Docentes nacidos y formados en el siglo pasado tienen que educar a las nuevas generaciones de la globalización y
deben hacerlo con esquemas y programas de otros tiempos. Las asignaturas son las mismas que ellos estudiaron
pero más cargadas de contenidos, y los procesos de enseñanza y aprendizaje siguen estando encorsetados por los
resultados de la evaluación. El sistema escolar precisa de una profunda renovación. La innovación no puede
reducirse a la introducción de las tecnologías en las aulas y la ampliación de enseñanzas bilingües. No solo habría
que replantearse los fines y objetivos de la educación en este momento, sino la propia estructura interna del
sistema, considerando que la escuela reglada ya no es el único centro de aprendizaje.

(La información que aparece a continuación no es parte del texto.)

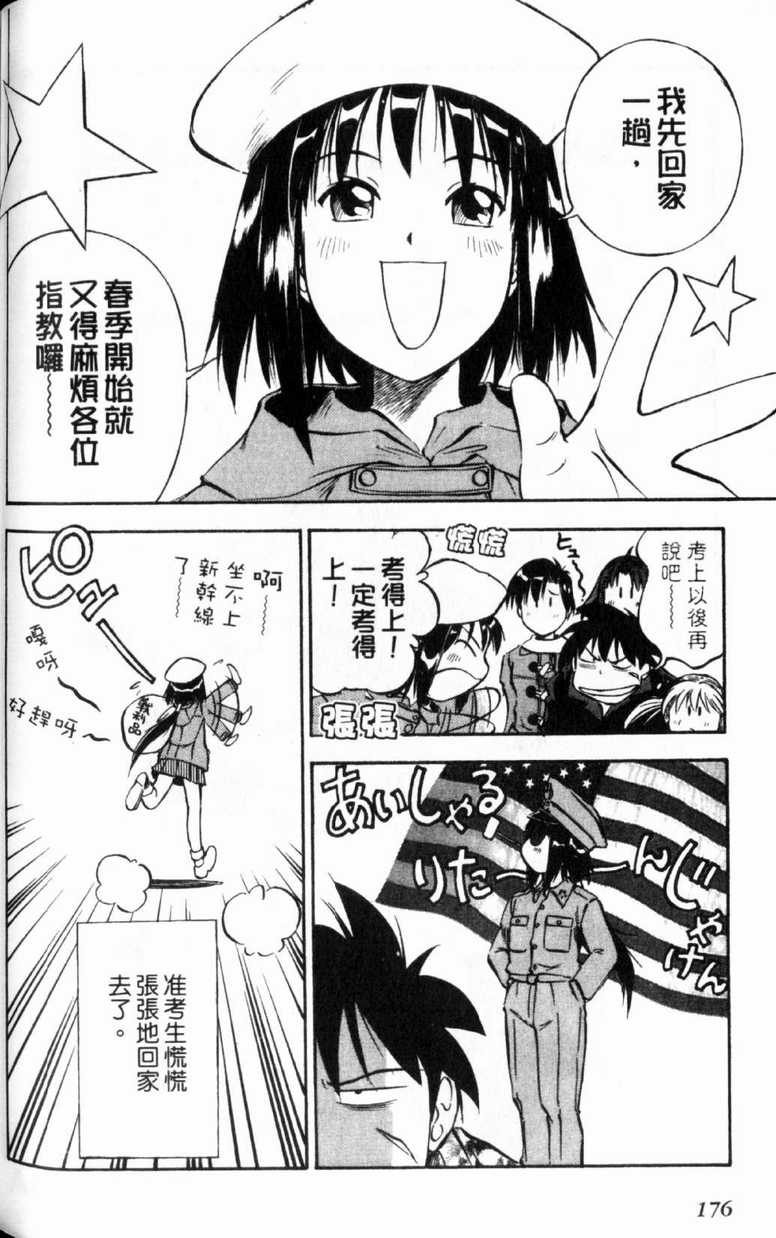 《狂热电器店》漫画 03卷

En un entorno educativo y social definido por la incertidumbre, inestabilidad, singularidad y conflicto de valores,
es necesario, por tanto, definir un nuevo concepto de profesionalidad docente que, como algunos autores han
subrayado y propone el Consejo de Europa (2007), incluya competencias tales como organizar y animar
situaciones de aprendizaje, crear un entorno escolar seguro y atractivo basado en el respeto y la colaboración
mutua, enseñar en clases heterogéneas, trabajar en estrecha colaboración con sus compañeros y la comunidad
educativa, participar en el centro de enseñanza en el que trabajen, adquirir nuevos conocimientos y ser
innovadores mediante la reflexión y la investigación, utilizar las tecnologías en las diversas áreas y en su propio
desarrollo personal continuo y ser capaces de aprender de forma autónoma en el marco de su desarrollo
profesional a lo largo de toda su carrera.

Avanzar en esa línea supondría la definición de un estatuto docente que contemplase la revisión de los actuales
sistemas de formación inicial y permanente, el marco laboral del profesor como trabajador de la enseñanza, el
desarrollo de una carrera profesional atractiva y la consideración de la función docente en su dimensión social.
Asumido individual y colectivamente ese nuevo concepto de profesionalidad, se puede configurar una profesión
que en estos tiempos de cambio no puede reducirse a la vida entre pupitres.